Sadly, the first issue of this new series was fairly disappointing and, quite frankly, forgettable. There's little on offer that stood out as vaguely interesting and even less that shows any promise for potential in the future.
If I had to compare this issue to another book, it would be just about anything from Chris Claremont's modern work. However, it's not due to the quality of writing, but moreso due to the fact this issue made it feel more like the book was a gift to Dini so that he can play with is pet characters off on his own, similar to Claremont's X-Men Forever.

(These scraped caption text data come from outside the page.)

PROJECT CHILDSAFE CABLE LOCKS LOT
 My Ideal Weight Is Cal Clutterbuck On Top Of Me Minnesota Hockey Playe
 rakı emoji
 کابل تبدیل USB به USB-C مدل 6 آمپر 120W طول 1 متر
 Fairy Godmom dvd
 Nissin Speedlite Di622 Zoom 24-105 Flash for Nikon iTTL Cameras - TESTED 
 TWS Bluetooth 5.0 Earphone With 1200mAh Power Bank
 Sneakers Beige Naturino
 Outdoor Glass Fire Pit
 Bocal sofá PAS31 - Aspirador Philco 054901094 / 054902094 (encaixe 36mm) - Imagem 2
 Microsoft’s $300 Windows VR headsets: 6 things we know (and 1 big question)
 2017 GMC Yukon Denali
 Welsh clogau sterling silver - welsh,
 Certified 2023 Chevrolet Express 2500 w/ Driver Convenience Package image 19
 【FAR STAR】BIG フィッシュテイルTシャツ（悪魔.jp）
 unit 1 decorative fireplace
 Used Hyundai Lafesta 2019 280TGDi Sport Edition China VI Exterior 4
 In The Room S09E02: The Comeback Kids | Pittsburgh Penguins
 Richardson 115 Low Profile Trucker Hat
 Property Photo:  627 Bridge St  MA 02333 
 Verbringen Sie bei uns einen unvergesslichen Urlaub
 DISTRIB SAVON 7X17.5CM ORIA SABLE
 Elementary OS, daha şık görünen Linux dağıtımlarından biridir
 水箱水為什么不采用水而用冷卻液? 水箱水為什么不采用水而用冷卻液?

The reason I feel this way is due to the characterizations, which felt almost paper thin, as if they were mere characitures of themselves. Take Harley Quinn, for an example, she sounded more like a DCU animated version than the one that had been in Countdown for the past year or so. Despite referencing current events, everyone felt that way to me - like they were stereotypical personalities for the characters moreso than the present day incarnations. Another example of this being a Dini pet book was the mandatory Zatanna cameo. While she was involved in Catwoman's recent heart problems with Hush, it still felt like she was forced into the book just to have her appear.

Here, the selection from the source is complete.